(Trying to get my students to [re]cognize that words and images have multiple meanings and that, as creators of culture, as communicators of meaning/s, we need, we must, clarify what we mean when we seek to communicate a message. Thanks to Lazzarone on Cross-X forums for reminding me about this quote.)
Ecology, for example, is never ‘ecology as such’; it is always enchained in a specific series of equivalences: it can be conservative (advocating the return to balanced rural communities and traditional ways of life), statist (only a strong state regulation can save us from the impending catastrophe), socialist (the ultimate cause of ecological problems resides in the capitalist profit-orientated exploitation of natural resources), liberal-capitalist (one should include the damage to the environment in the price of the product, and thus leave the market to regulate the ecological balance), feminist (the exploitation of nature follows from the male attitude of domination), anarchic self-managerial (humanity can survive only if it reorganizes itself into small self-reliant communities that live in balance with nature), and so on.
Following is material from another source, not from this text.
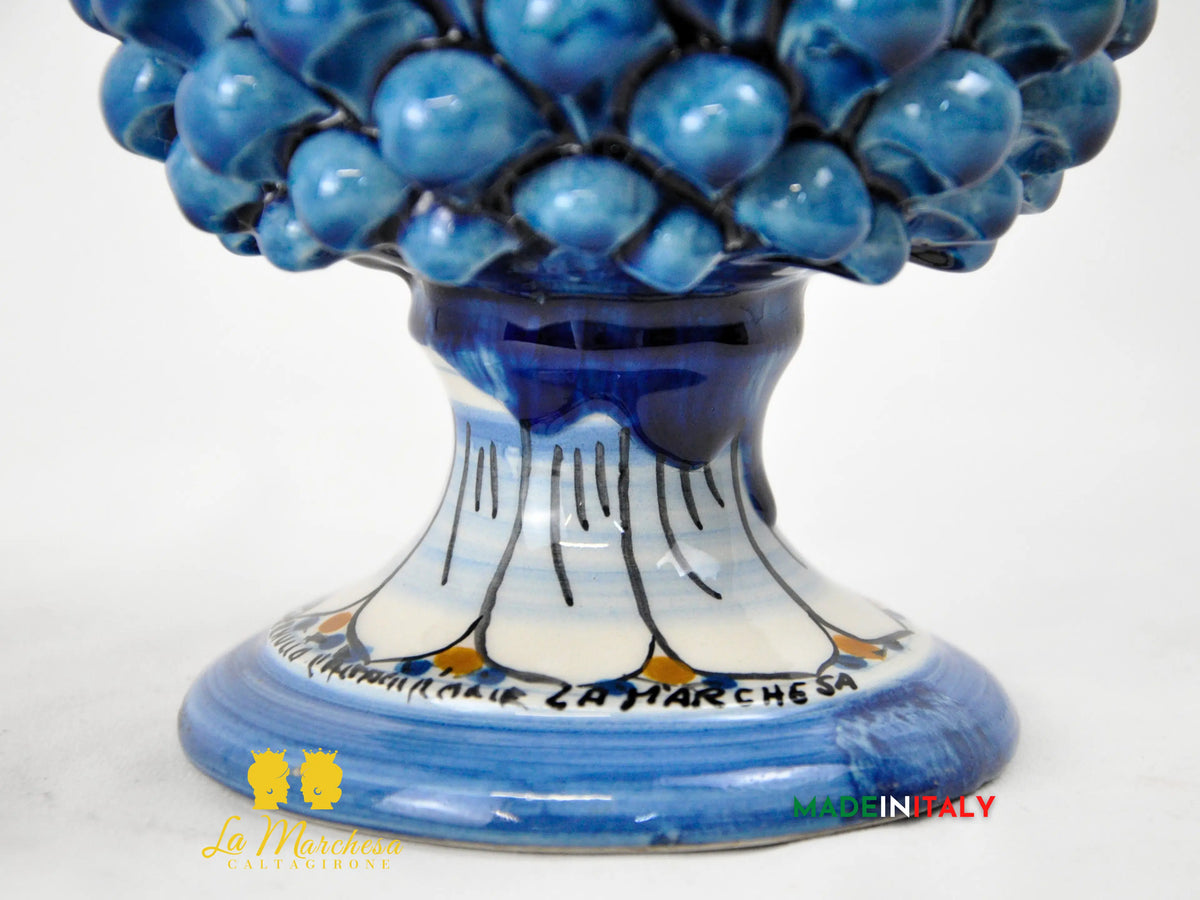 OUTLET - Pigna Siciliana in Ceramica di Caltagirone Blu Decorata 22cm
The point, of course, is that none of these enchainments is in itself ‘true’, inscribed in the very nature of the ecological problematic: which discourse will succeed in ‘appropriating’ ecology depends on the fight for discursive hegemony, whose outcome is not guaranteed by any underlying necessity of ‘natural alliance’. The other inevitable consequence of such a notion of hegemonic articulation is that statist, conservative, socialist, and so on, inscription of ecology does not designate a secondary connotation that supplements its primary ‘literal’ meaning: as Derrida would have put it, this supplement retroactively (re)defines the very nature of ‘literal’ identity—a conservative enchainment, for example, throws a specific light on the ecological problematic itself (‘owing to his false arrogance, man forsook his roots in the natural order’, etc.).
Žižek, Slavoj. “The Spectre of Ideology.” The Žižek Reader. ed. Elizabeth Wright and Edmond Wright. Malden, MA: Blackwell, 1999: 65.